LONDON - The British pound rose to its highest level since May 5 on Tuesday as strong labour market data reinforced expectations that the Bank of England (BoE) will need to continue raising interest rates to fight high inflation.
Britain's unemployment rate fell to its lowest since 1974 in the first three months of this year, while total pay was up 7.0% on a year earlier, far exceeding economists' average forecast of a 5.4% rise as companies resorted to bonuses to attract or keep staff.
The BoE is closely watching the labour market, as it fears that higher-than-normal pay growth could see the current energy-driven surge in inflation become entrenched.
Money markets are currently fully pricing in another 25-basis-point interest rate rise at the BoE's June meeting and a total of 117 basis points of tightening by the end of the year.

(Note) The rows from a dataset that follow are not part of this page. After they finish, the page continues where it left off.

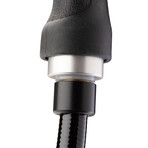 Rinse Off Overland // Black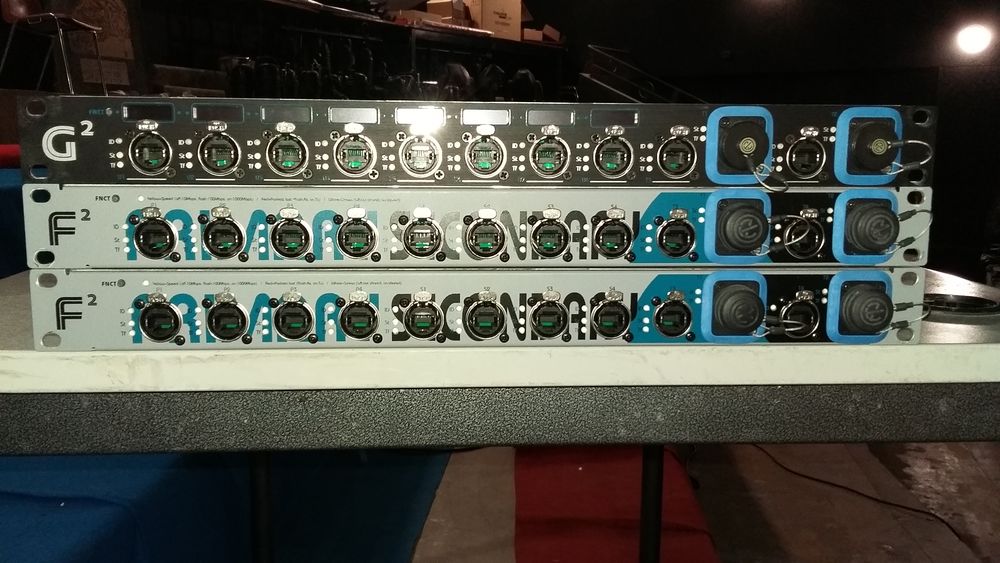 Agora GHOST2 &amp; Agora FAST2 Audio et hifi
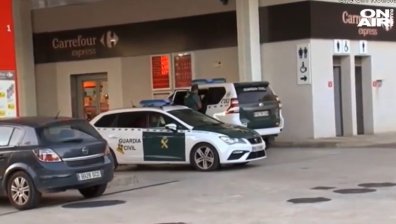 Бивш военен уби българската си приятелка и се самоуби в Палма де Майорка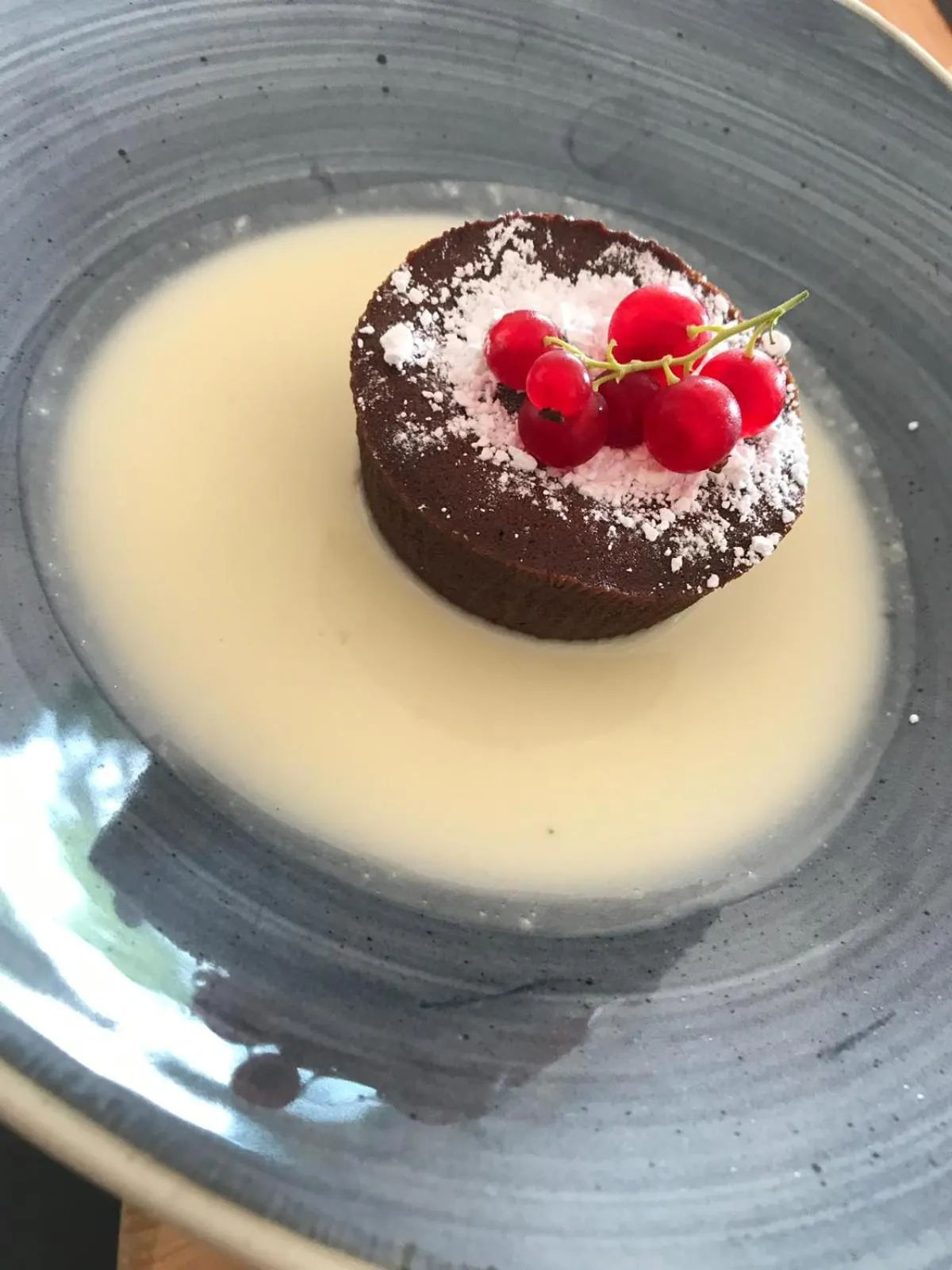 Food in Ferienresort Texas MV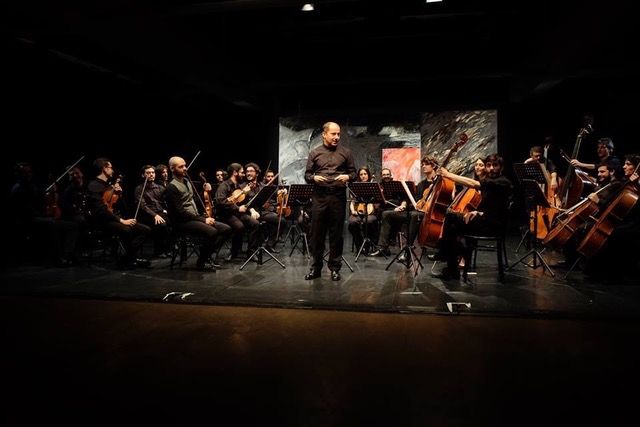 MONCALIERI – L’orchestra Polledro riprende la propria attività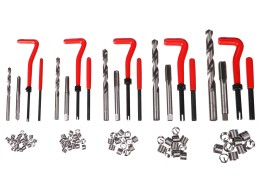 Thread repair kit MECHANIC THREAD SET 131, M5 - M12
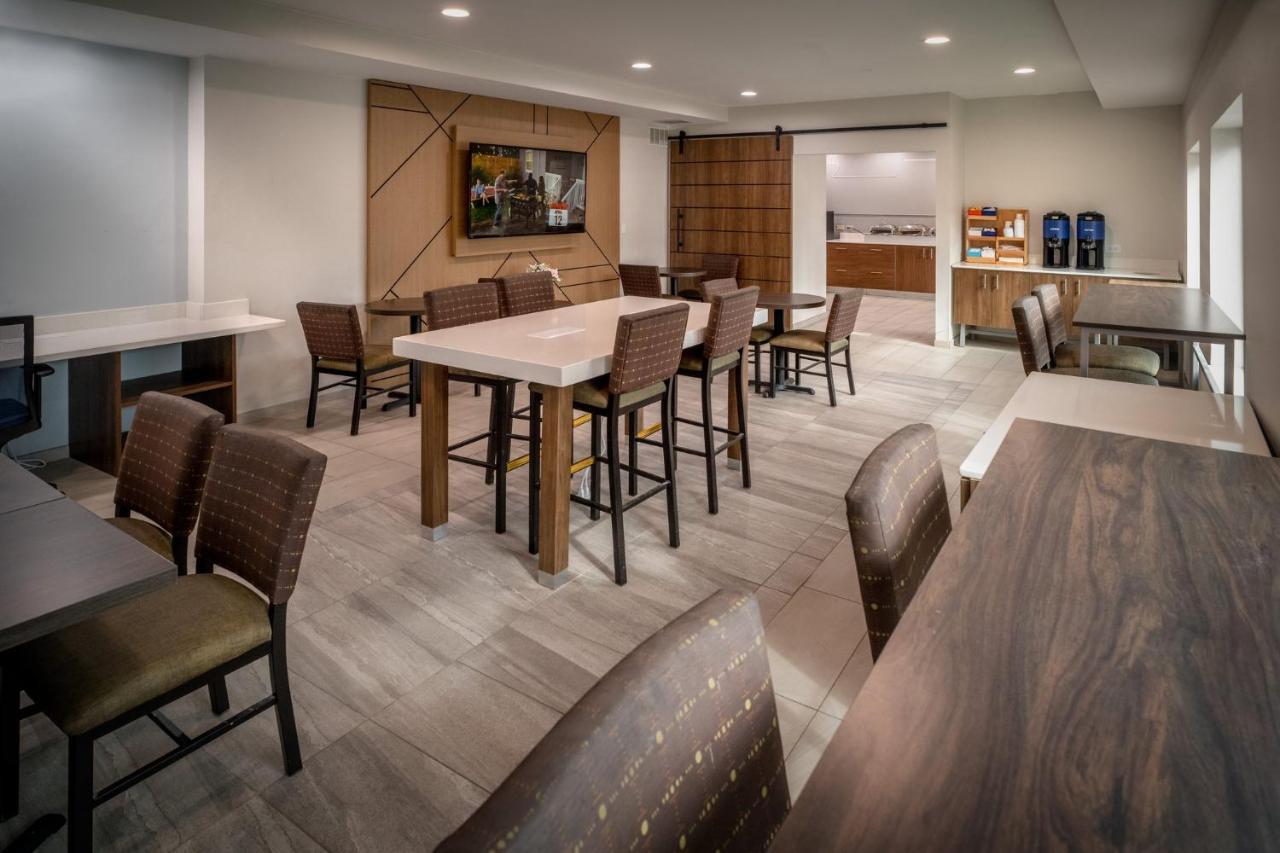 Holiday Inn Express - Charleston/Kanawha City By Ihg Eksteriør billede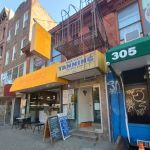 La Casa Del Panuozzo and brick oven pizza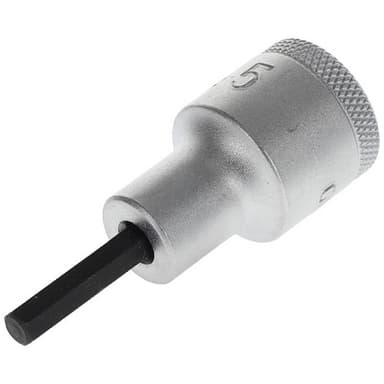 Gedore IN 19 6153150 Hylsnyckel-bitsinsats 5 mm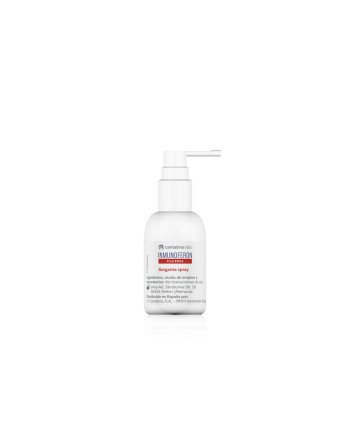 INMUNOFERON FLULENZA garganta spray 20 ml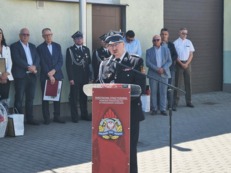 Dzień Strażaka PSP 2024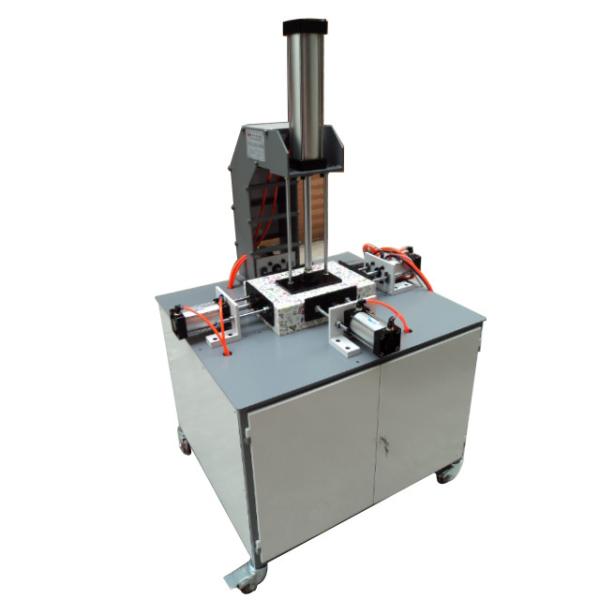 Box Corner Pasting Machine, Hot-melt Glue Adhesive Tape, Box Corner Gluing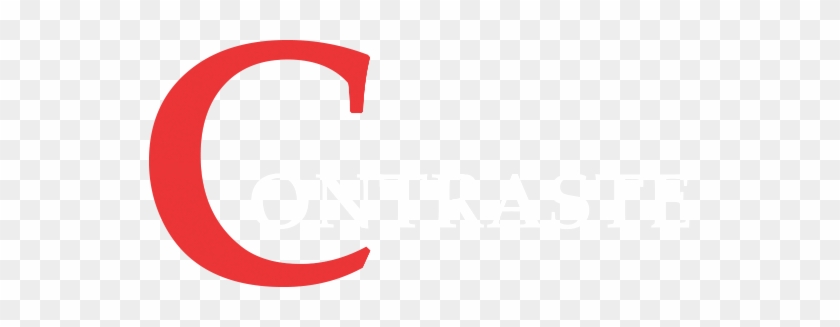 Logo Contraste - Logo Contraste #1523238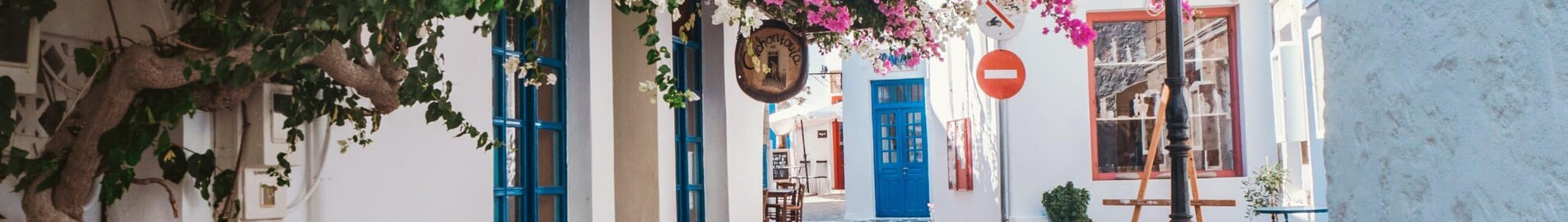 Milos : eralennuki rentimine 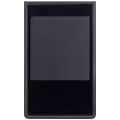 Back Cover Glass Compatible For Google Pixel 6 Pro (Used OEM Pull: Grade A) (Stormy Black)
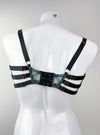 Amelie Plunge Bra SSS1204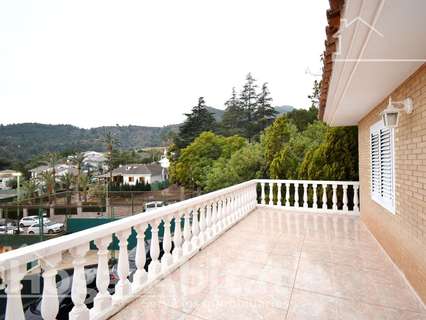 Casa en venta en La Vall d'Uixó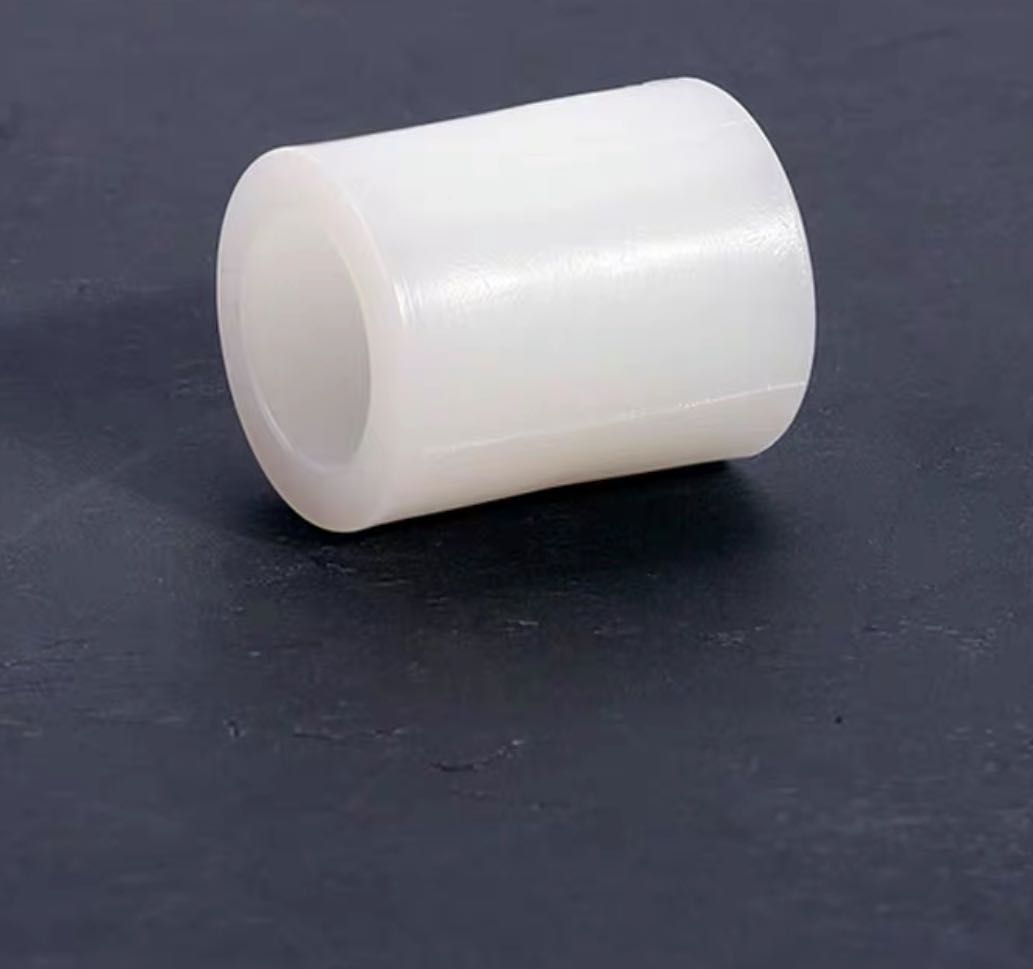 Liansu Pert pipe fittings straight through elbow tee pipe cap plug 20 variable diameter large and small head underfloor heating pipe hot melt joint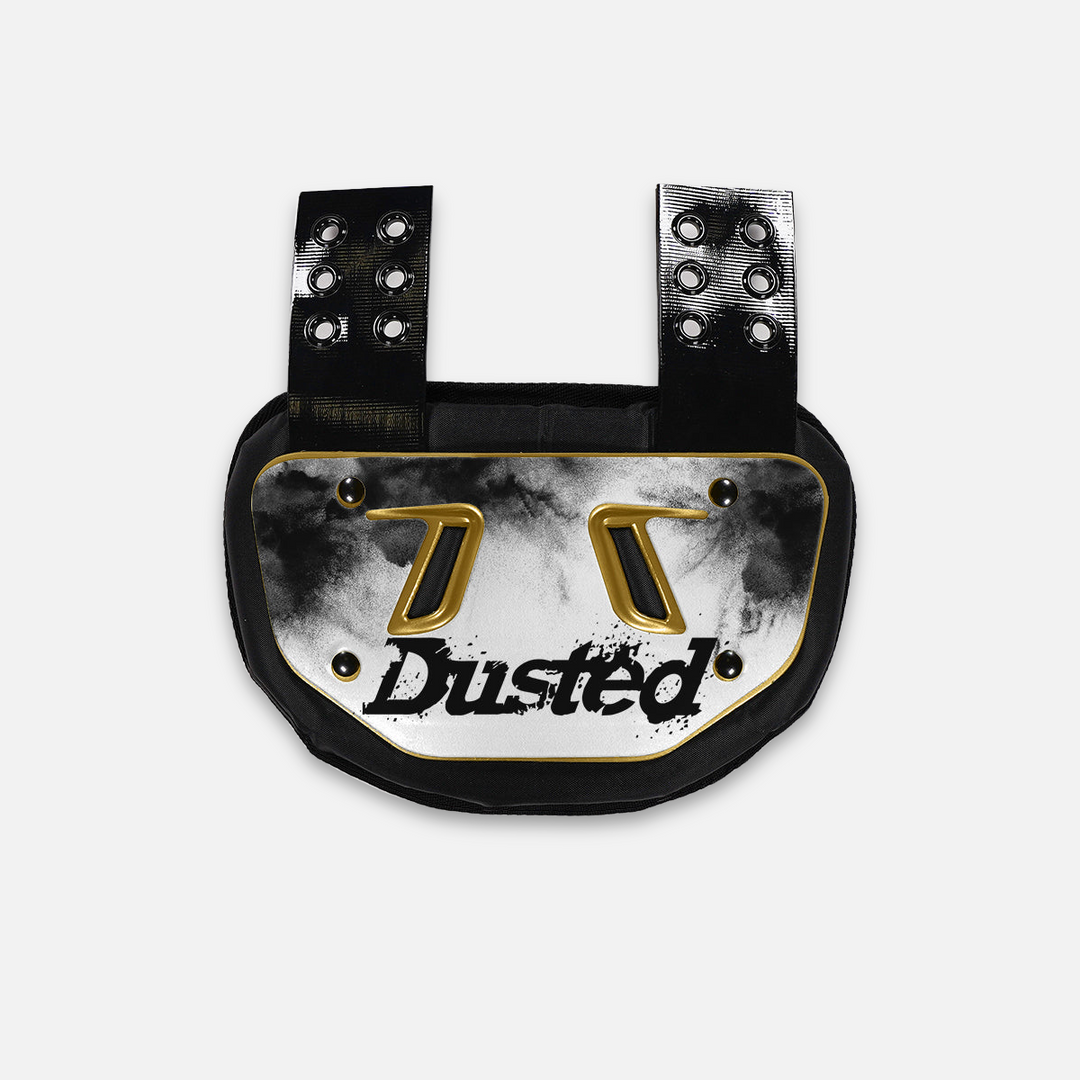 Dusted Sticker for Backplate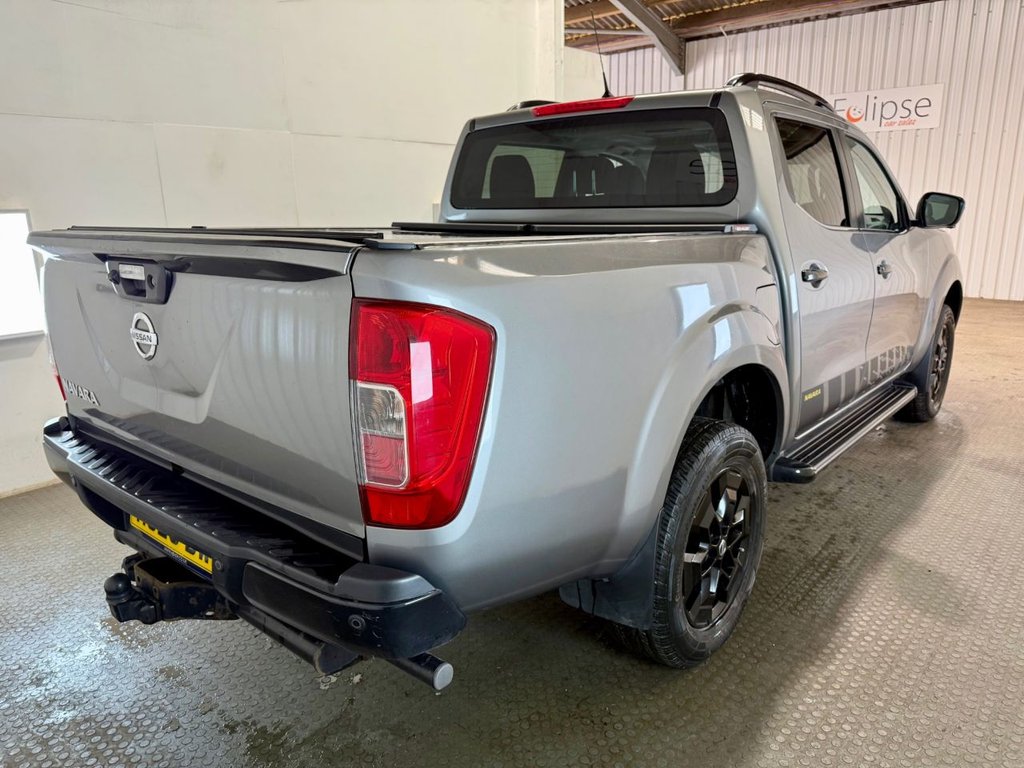 Used Nissan Navara 2020 for sale - 78056557: Photo 6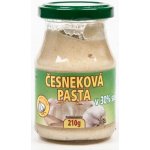 Alibona Česneková pasta 210 g – Zboží Dáma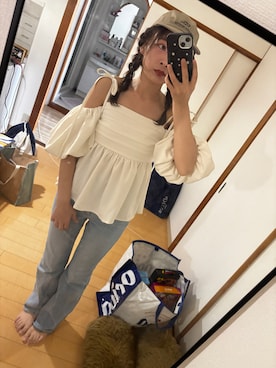 mikihouse415さんのコーディネート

"Although consumer purchasing power is set to be eroded further by an apocalyptic rise in food prices, that is not likely to deter the Bank of England from the necessity of having to be tougher with its monetary policy given that wage growth is fast becoming another inflationary pressure," said Susannah Streeter, senior investment and markets analyst at Hargreaves Lansdown.
Expectations of rising interest rates usually boost the value of a currency.
At 0830 GMT, sterling was up 1.3% against the U.S. dollar at $1.2479, its highest level since the Bank of England's last policy announcement, on May 5.
Against the euro, the pound was up 0.7% at 84.08 pence.
Sterling traders are also keeping an eye on the latest developments relating to Northern Ireland.
Britain is to set out steps to tackle post-Brexit trade issues in Northern Ireland on Tuesday, but will not introduce a new law this week, Northern Ireland minister Brandon Lewis said.
The EU has warned of legal action and a trade war if London takes any unilateral action over the Northern Ireland protocol governing post-Brexit trade with the province.
"Northern Ireland is a big risk and it isn't priced in," said Naeem Aslam, chief market analyst at Ava Trade.
"We strongly believe that risk is skewed to the downside for sterling."